It’s a common trope that kids “bounce back” from whatever it is that bothers them. But it’s not so much that kids are adaptable or resilient as much as they often have little agency to change their situation or no ability to express or process their hurt. What at first seems like resilience is really something else entirely. Holly Catterton Allen calls readers away from this false and presumed resilience and toward a purposeful, formative resilience based in spiritual formation and development. Forming Resilient Children explores the role of spiritual formation in child development, noting how a child’s relationships and environment affect their overall resilience.
On one hand, nothing in the book was truly groundbreaking. On the other, that means that its principles are all straightforward and commonsensical. They can get lost amid the struggles of everyday life, but we all know that—or should know that—a child’s relationship with their parents and grandparents has an effect on their spiritual formation. What Allen does that’s unique is tie this in with resilience, the process of adapting well to adversity, trauma, or stress. The stronger the foundation of spiritual formation, the more likely a child is to be resilient.
One thing that I wish Allen would have addressed in more depth is causality. Children lacking in spiritual formation may also be more at-risk for abusive or traumatic experiences. The book details the role of parents and grandparents as key to spiritual formation, but those relationships are also the most common vectors for abuse and trauma. While Forming Resilient Children does speak to those in child-centric professions, I think more could have been done to practically engage with teachers, children’s and youth pastors, and coaches to develop appropriate responses as non-parental figures.
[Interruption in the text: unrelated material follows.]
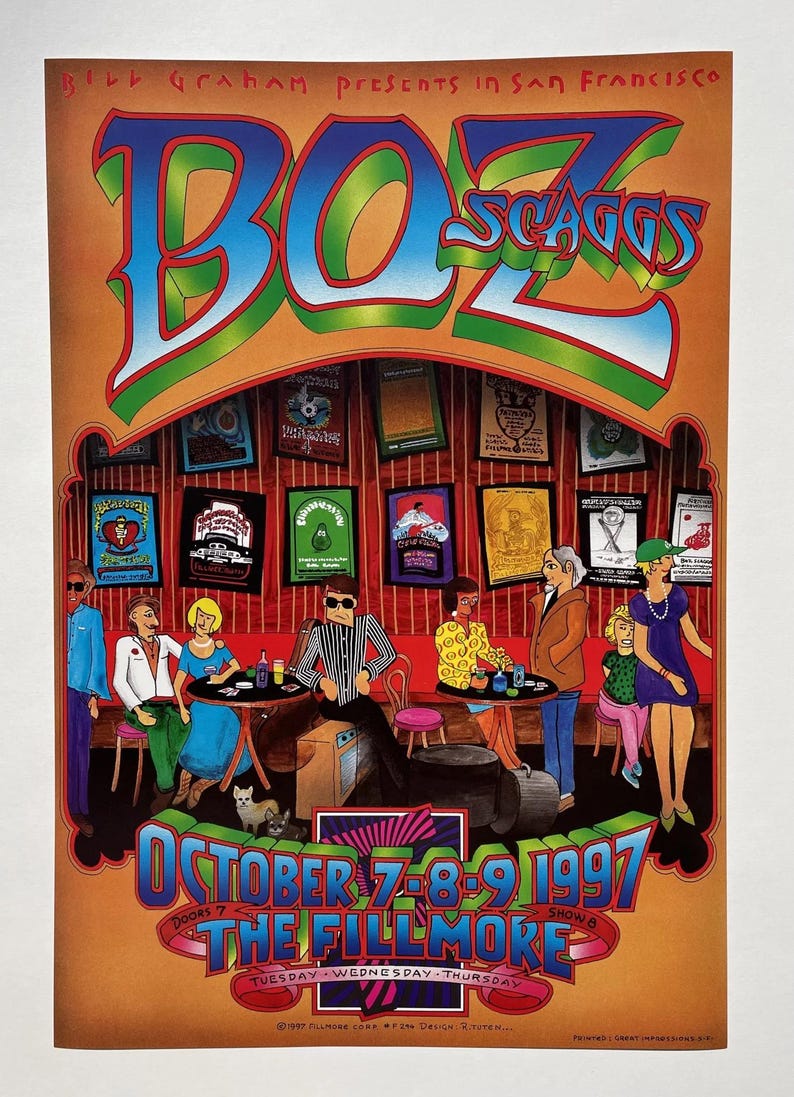 Boz Scaggs Concert Poster 1997 F-294 Fillmore image 1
Overall, though, Forming Resilient Children offers a clear, academic, and cohesive model for building resiliency. Allen scatters the text with enough stories—there’s a whole chapter on the power of story—that key you in to the power and purpose of the work. Some of these stories take a child-centric focus on traumas like the devastation of Hurricane Katrina or the school shooting at Sandy Hook. Other stories are more personal, from the author’s own life. Through it all, I just kept coming back to “Yes, just treat them like little humans.” And that’s what it comes down to. You form resilient children not by treating them like emotionless baggage to carry through life, but you talk with them, relate to them, give them opportunities to have agency and express themselves. Resilience comes with a grasp of identity and humanity. When children understand who they are—as children of God—their ability to adapt and overcome is vastly improved.